KEY POINTS:
Like much major party policy, Labour's and National's stance on funding infrastructure development are, at first blush, remarkably similar.
Both say they will issue infrastructure bonds and use public/private partnerships (PPPs) for large-scale developments, where appropriate.
But beyond their stated policies, it's probably safe to assume that National is far more committed to private sector involvement than Labour.
While Labour points out that it changed the law to allow for PPPs and will consider them on a case-by-case basis, its record suggests it is not that keen.
Labour is considering a PPP structure for the Waterview tunnel, but it has previously demurred at employing the model, often citing the argument that government can borrow for such projects more cheaply than the private sector. The credit crunch has only extended that advantage.
However, the Council for Infrastructure Development, a vigorous PPP proponent, counters that by saying yes, the private sector pays more for funding, but that better reflects the risk involved.
"This is not the case in the public sector. Instead, taxpayers implicitly subsidise the cost of the project by bearing the risk of cost overruns, time delays or performance failures, which are not priced into the government borrowing rate."
Then again, there are examples overseas of PPPs going pear shaped and the taxpayer picking up the bill anyway.
The council's members include our largest construction companies and other businesses likely to benefit directly from greater private sector involvement in infrastructure development.
The council's arguments for PPPs make perfect sense if you assume the private sector is so much better than the state at planning, building and operating projects that not only can it complete a project to the standard required and in time, it can make a healthy profit while doing so. But the pursuit of profits on public infrastructure projects clearly presents pitfalls.
Australian economist Henry Ergas recently cautioned against their potential to whip up "frenzies of rent-seeking".

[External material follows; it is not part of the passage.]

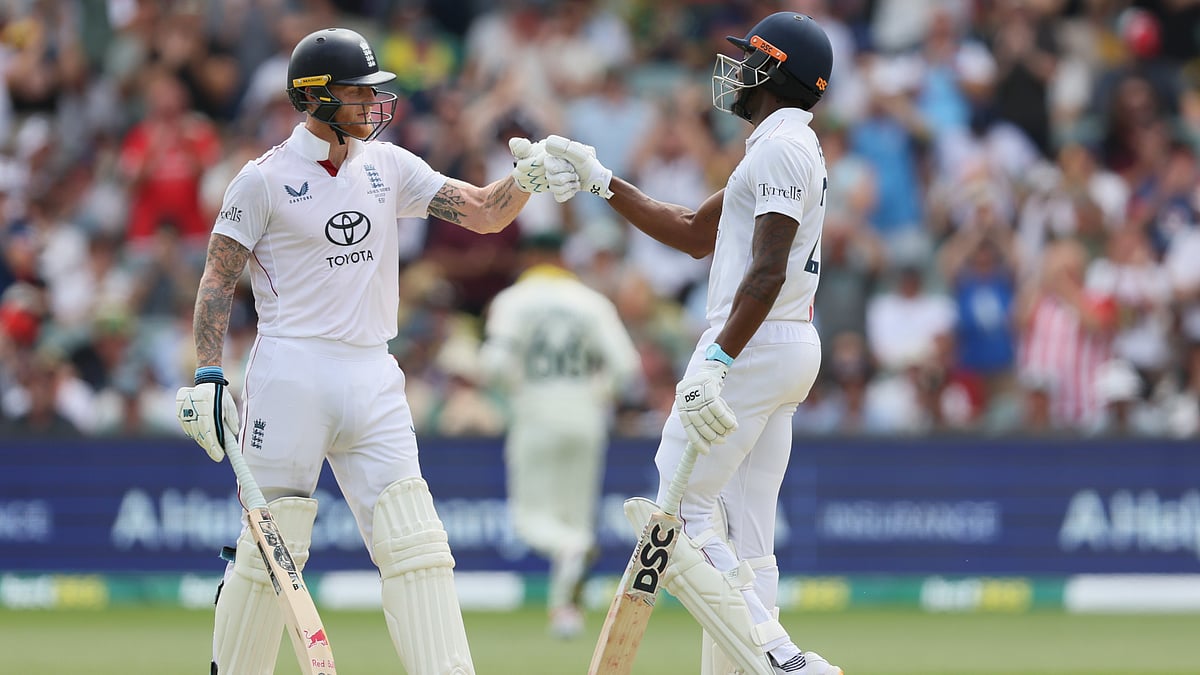 AP :  Jofra Archer, right, and Ben Stokes react during play on day three of the third Ashes cricket Test.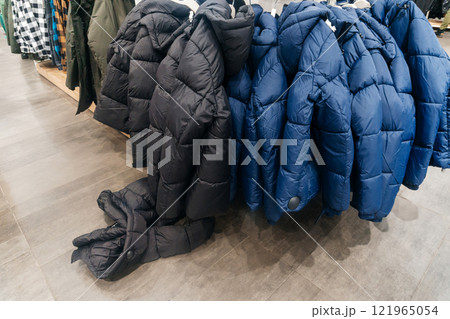 winter jackets on the store shelf. warm clothes on sale in the showroom 121965054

What may develop, he said, is "a political economy in which interest groups chasing large, highly concentrated benefits swamp the limited defences of the diffuse parties that will end up bearing the costs."
PPPs can potentially increase those risks.
"By taking outlays off balance sheet, PPPs reduce the visibility of the costs forced on taxpayers and consumers, making it more difficult for those costs to be controlled. That most of those costs are shifted into the future further reduces their visibility, as do the opaque risk-sharing and cost-recovery arrangements built into many PPP contracts."
New Zealand would clearly benefit from substantial, intelligently applied investment in infrastructure and hopefully, neither ideology nor self interest will prevent this from happening, or stop the taxpayer from being comfortable that they are not paying more than they have to.